Please copy out the entries below exactly, beginning with the line that contains "Gemächlicher Abstieg über" and ending with the line that contains "马赛马拉国家保护区日出时的非洲象，肯尼亚图片素材", and include nothing outside that span.

_DATA_.
....................

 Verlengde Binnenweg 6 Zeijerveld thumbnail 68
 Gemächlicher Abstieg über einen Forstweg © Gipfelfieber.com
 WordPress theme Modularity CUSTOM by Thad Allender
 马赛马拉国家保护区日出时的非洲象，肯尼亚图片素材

....................

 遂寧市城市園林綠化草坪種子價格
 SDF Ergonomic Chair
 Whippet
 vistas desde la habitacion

....................

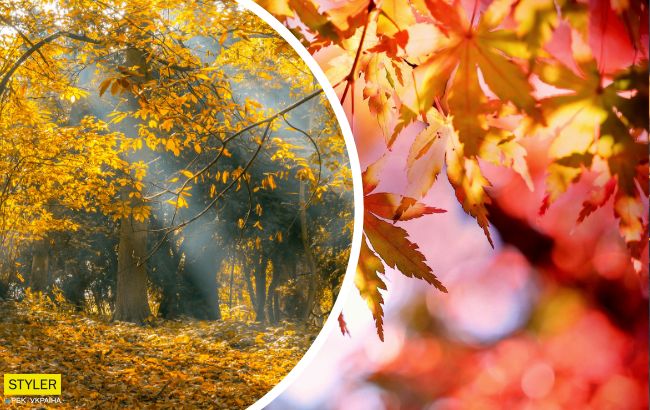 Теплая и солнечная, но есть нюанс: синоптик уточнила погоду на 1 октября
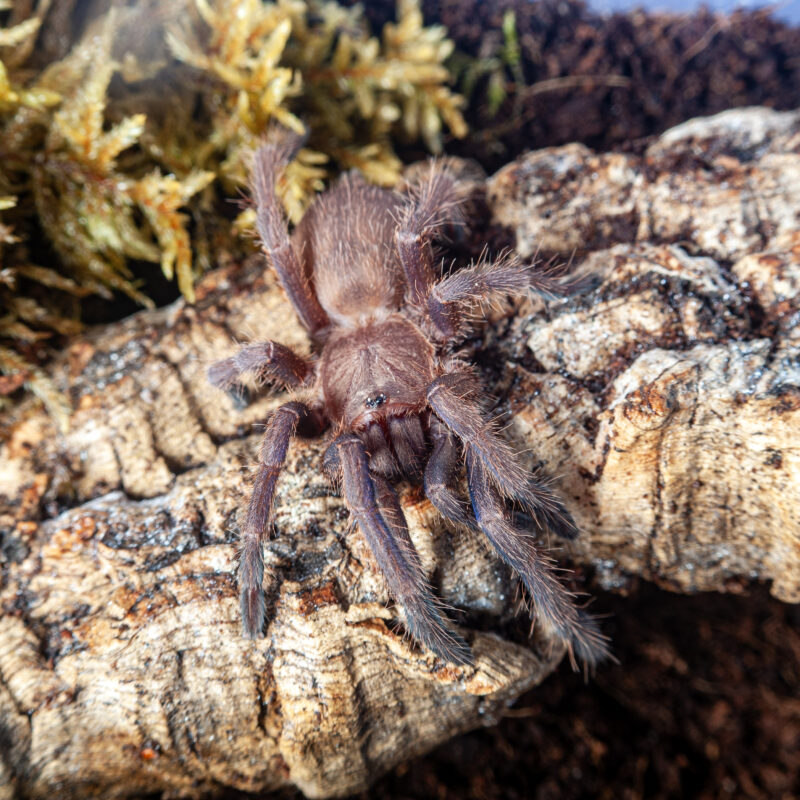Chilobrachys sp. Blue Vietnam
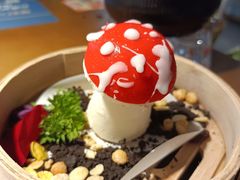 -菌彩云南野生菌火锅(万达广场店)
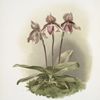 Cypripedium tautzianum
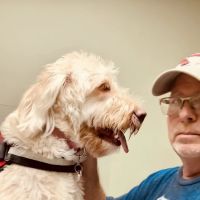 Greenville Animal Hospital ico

....................

_OUTPUT_.
 Gemächlicher Abstieg über einen Forstweg © Gipfelfieber.com
 WordPress theme Modularity CUSTOM by Thad Allender
 马赛马拉国家保护区日出时的非洲象，肯尼亚图片素材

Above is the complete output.